The factors aiding the growth of the global oil shale market include concerns about depleting crude oil reserves, surge in energy requirement globally, and benefits offered by oil shale such as reduction in energy dependence. However, high costs of equipment, mining, and processing technologies have resulted in increased cost of extracting oil from oil shale, which in turn is expected to hamper the growth of the industry. Conversely, developments in extraction techniques for obtaining kerogen from oil shale coupled with improvements in drilling techniques are expected to provide lucrative opportunities for the growth of the market in future.
The oil segment accounted for more than two-thirds of the total market share in 2017. It is expected to grow at the fastest CAGR of 16.9% from 2018 to 2025 on account of the large oil reserves present in oil shale. Moreover, the report analyzes several products such as gas, coke, and others.
Exsitu process segment to be largest revenue contributor, insitu to exhibit fastest growth
The ex situ segment accounted for nearly three-fourths of the total market share in 2017. This segment would maintain its lead throughout 2025, as the oil shale industry uses surface mining to excavate oil shale. However, the in-situ segment would grow at the fastest CAGR of 18.8% from 2018 to 2025 due to advancements in drilling technologies coupled with less pollution of ground water.
Electricity application segment to contribute highest revenue, cement segment to grow the fastest
The electricity segment captured two-thirds of the total market share in 2017. It is expected to remain dominant through the study period, as majority of the oil shale is used to produce electricity in countries where resources such as coal and gas are unavailable. On the other hand, the cement segment would grow at the fastest CAGR of 17.6% during the forecast period, due to large-scale production of spent shale during extraction process, which is used as a raw material in cement production. The report analyzes additional applications, namely, fuel and others.

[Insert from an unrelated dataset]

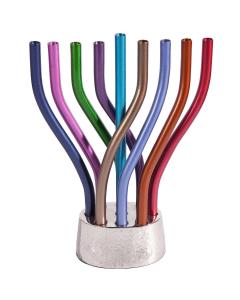 Anodized Flame Menorah-- Multicolor - Yair Emanuel Collection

Commercialized and non-commercialized oil shale producing regions
U.S. is projected to grow at the highest CAGR of 27.1% from 2018 to 2025, due to presence of abundant oil shale reserves in this region. On the other hand, Estonia contributed more than two-thirds of the total market share in 2017, and would maintain its dominance through the forecast period, as it has huge oil shale reserves that can be easily extracted for use in electricity production. The other commercialized regions discussed in the study include Russia, China, and Brazil.

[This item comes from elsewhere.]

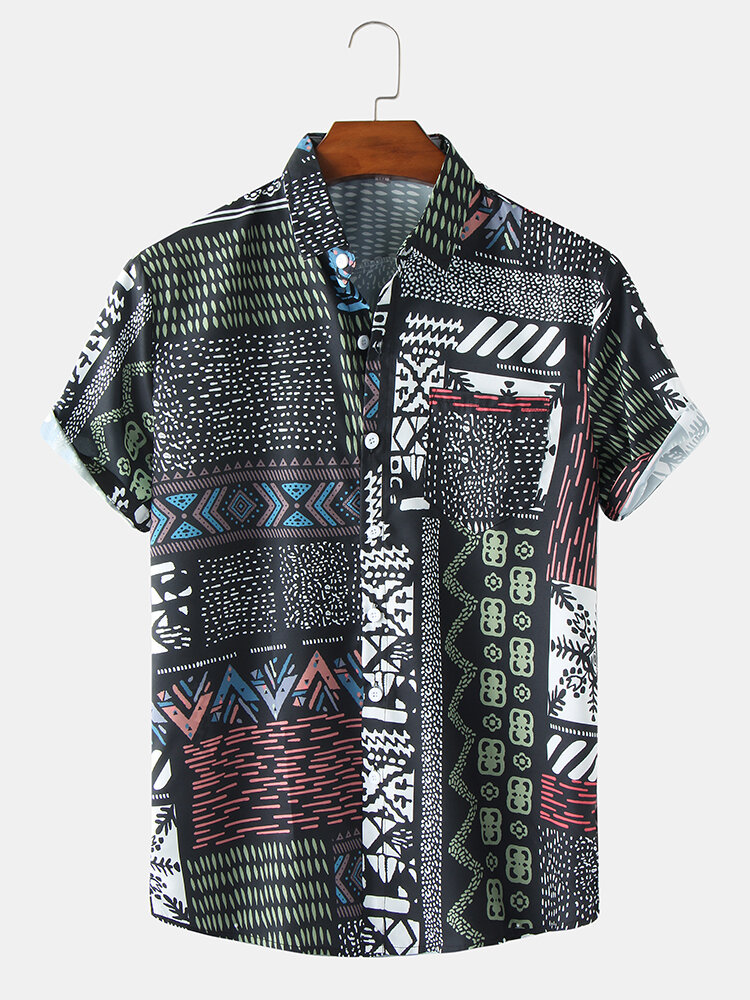 Mens Tribal Pattern Lapel Short Sleeve Shirt With Pocket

Apart from the commercialized markets, the report present a comprehensive analysis of the countries, such as Australia, Canada, Italy, Morocco, and others that includes Republic of Congo and Jordan, where presence of oil shale reserves has been identified.
Leading industry players
The key market players operating in the global oil shale industry include American Resource Petroleum Corp., Chevron Shale Oil Company, Exxon Mobil Corp, American Shale Oil Corp. (AMSO), AFSK HOM TOV, and others. They have adopted various strategies such as business expansion, agreement, acquisitions, and joint venture to increase their market shares and expand their footprint.